In the comments, please chime in with any thoughts, additional analyses, or questions. If there's any graph, calculation, etc. you'd like to see, let me know and I'll add it. We also need more experimenters, so if your interested, let me know.

Highlights:
  • Initial indications are that we are seeing a real and consistent increase in BG from hot showers, not a sensor artifact.
  • So far, we are not seeing a clear person-to-person variation in the effect (more data needed).
  • There's some very tentative but interesting trends in the data:
    • The effect is stronger with lower initial BG
    • The effect varies with time of day (could easily be a confounding variable here)
In order to get a clear answer on person-to-person variation and to better pull out any correlations, we need more data, especially repeat data from more people. If you're interested in joining the experiment, let me know.

DETAILS:
Method: Protocol here. All data was converted into consistent units and put into an excel spreadsheet. From the raw data, I calculated change in BG from start of shower, as well as the largest relative change, and the time until largest relative change (see spreadsheet for calculation details). Visualization was done using Tableau.
Data: here
Analysis:
First, let's look at the big question: are we seeing an effect? For this question, I plotted largest observed change over the 1 hour monitoring period for each shower as measured by both BGM and CGM.
Post image
Max ΔBGM & ΔCGM for each shower, colored by experimenter.
Looking at the graphs you can see the following:
  • We are seeing a measurable rise in blood sugar from a hot shower.
  • The effect is approximately the same size when measured by BGM vs. CGM, suggesting it's not a sensor artifact
    • BIG CAVEAT: We don't have much data from people with both BGM and CGM, and the majority of data is coming from two experimenters, so this conclusion is very tentative.
  • We're not (yet) seeing a clear person-to-person variation.
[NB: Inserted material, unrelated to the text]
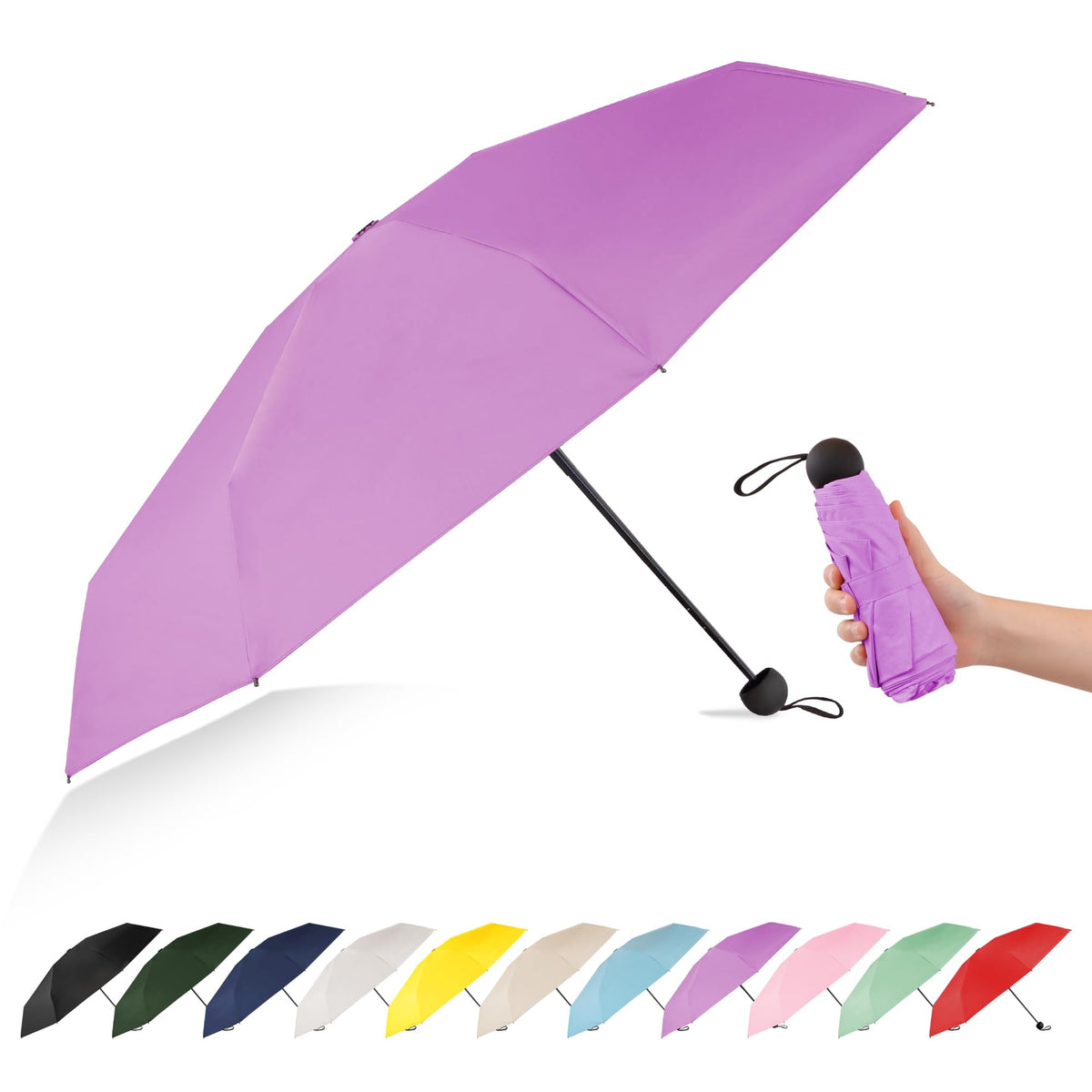 Mini Travel Umbrella Compact Small Size, UV Protection for Sun & Rain, Lightweight Folding, Wind Resistant, Small Backpack Purse Size for Women Kids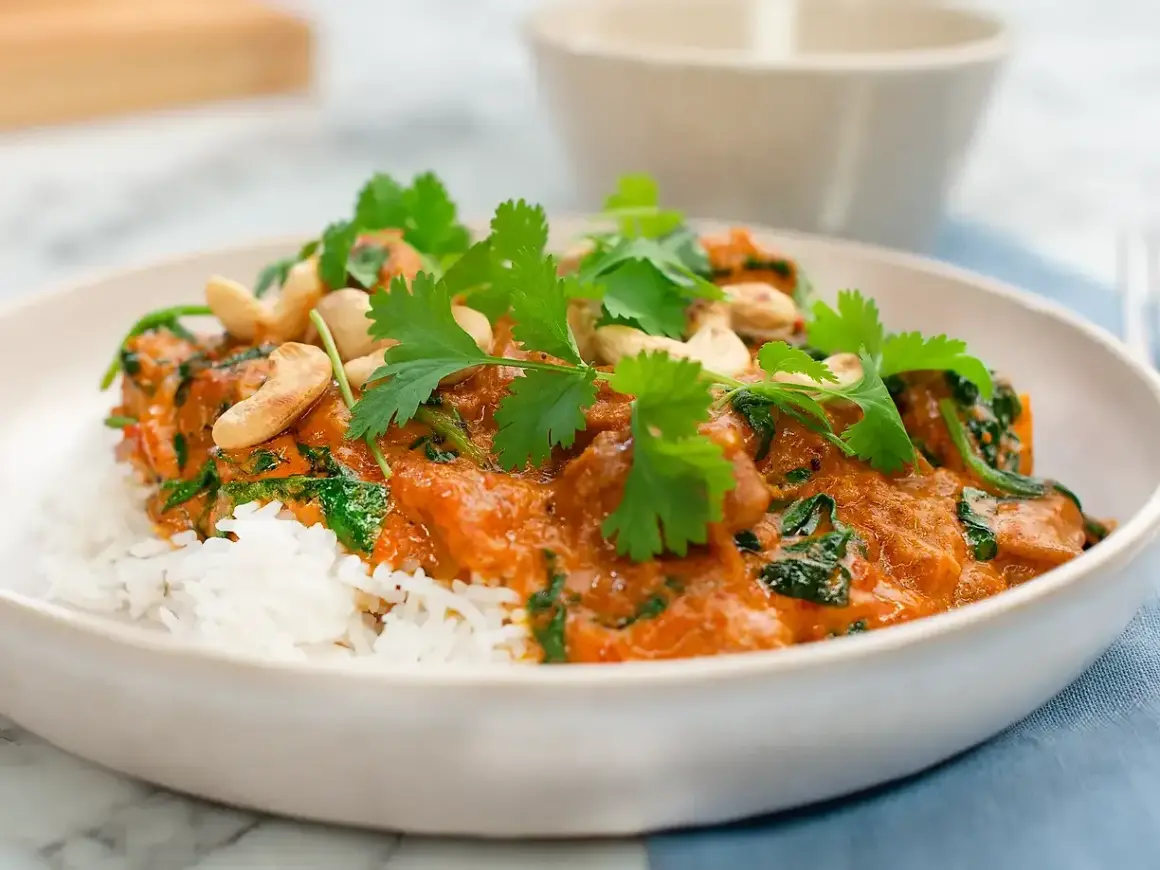 En krämig palak chicken med ris, toppad med cashewnötter och färsk koriander. En smakrik indisk rätt.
For both BGM and CGM, with the exception of 1 outlier in each case, there's a pretty consistent increase in BG after a shower.
Interestingly, while we consistently see an increase in BG after showering, the timing of that increase is much more variable. If instead of looking at Max ΔBG over the monitoring period, you look at ΔBG 15 minutes after the shower, you get:

Post image
ΔBGM & ΔCGM@15 min. for each shower, colored by experimenter.
While we still see the effect, it's a a lot more variable, especially in the BGM measurements.
Next, even though there's not enough data for solid conclusions, I thought it'd be interesting to see if there was any interesting patterns/correlations in the data. I looked at:
  • ΔCGM@15 min. vs. ΔBGM@15 min. - only three data points, so can't really say anything
  • Max ΔCGM vs. Max ΔBGM - two data points, can't say anything
  • Max ΔBGM vs. hour of the day - no trend across the whole data set, but within Experimenter H's, there's an indication of a greater rise later in the day (R2 = 0.40, p = 0.08)
  • Max ΔCGM vs. hour of the day - no clear trend across the whole data set, nor within experimenters
  • Max ΔBGM vs. starting BGM - no trend across the whole data set, but within Experimenter H's data, there's an indication of a strong negative correlation (R2 = 0.57, p = 0.03).
  • Max ΔCGM vs. starting CGM - no clear trend across the whole data set, nor within experimenters.
Post image
Max ΔBGM vs. hour of the day, colored by experimenter. Data from Experimenter H highlighted, showing a clearing increasing trend (R2 = 0.4, p = 0.08)

Post image
Max ΔBGM vs. initial BGM, colored by experimenter. Data from Experimenter H highlighted, showing a clearing decreasing trend (R2 = 0.57, p = 0.03)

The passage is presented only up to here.